Nobel Prize in Physics 2022

Commented by Ana Nunes, leader of the Biophysics and Nanosystems Research Group

Ana Nunes | Photo by Ciências ULisboa

THE NOBEL PRIZE IN PHYSICS 2022 AND THE STRANGE WORLD OF QUANTUM MECHANICS

The greatest achievement of Physics over the past one hundred years is the development of quantum theory. Yielding an impressive range of predictions that were always found in excellent quantitative agreement with experiment, no other theory has been so fully tested. Yet, twentieth century physicists never loved their most successful theory, and its foundations have been the subject of controversy and unprecedented scrutiny for many decades.

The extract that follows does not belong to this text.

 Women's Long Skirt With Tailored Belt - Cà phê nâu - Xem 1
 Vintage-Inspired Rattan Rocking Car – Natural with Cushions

This happened because quantum theory challenges some of the basic tenets of any worldview inspired by our everyday experience. Perhaps the best indicator of that mismatch was the coining of the term wave-particle duality to make more palatable the unintuitive behaviour of quantum objects, which indeed may exhibit wave-like or particle-like properties. This notion establishes a connection with concepts every physics student is familiar with, but at the same time it is telling us that none of the players of classical physics is suitable to describe quantum reality.

The quantum skier, a popular cartoon illustration of wave particle duality | from Surrey Physics Blog

Apart from particles and waves, another casualty of quantum theory is local realism, or the notion that a physical universe exists objectively (i.e. whether or not we can observe or measure it), in which changes are brought about through local interactions. And this was thought of as being much too much to take in by many prominent twentieth century physicists, among them Einstein, perhaps the most influential physicist of his time. Einstein was the first to realize that simultaneity, a seemingly unchallengeable notion of everyday experience, is unphysical, but he was unable to accept that the same could happen with local realism. For these physicists, quantum mechanics had to be seen as an incomplete theory, a blurred image of a full theory formulated in terms of as yet unknown hidden variables. This theory would be compatible with the worldview of classical physics while reproducing all the results of quantum mechanics.

In the absence of concrete predictions to test the alternative, this debate between worldviews went on for decades. The breakthrough is due to John Bell (1928-1990), and it came in the form of a very deep thought experiment, devised to distinguish between the two. Bell’s theorem applies to entangles states, states of composed systems that entail perfect correlations for the measured values of certain properties on each subsystem. A popular classical analogue for this is a pair of gloves. If I send each glove of the same pair in closed boxes to a different city, if in Paris a right glove is reported, in London a left glove will be observed: the chirality of the gloves is perfectly (anti-) correlated.  If the pairs of gloves come from a batch of black pairs and white pairs, the observations made of the colour of the gloves upon opening the boxes in Paris and in London will also be perfectly correlated. For quantum gloves, if chirality and colour correspond to complementary physical quantities then it is impossible to measure both at the same time. We must choose either to touch the glove eyes closed, and determine its chirality, or to peek into the box and find out its colour. According to the classical worldview, and common sense, this does not preclude that each box contains at all times a glove with a well-defined colour and chirality, nor can the correlations mean that the observations done in Paris influence the results obtained in London, or vice-versa.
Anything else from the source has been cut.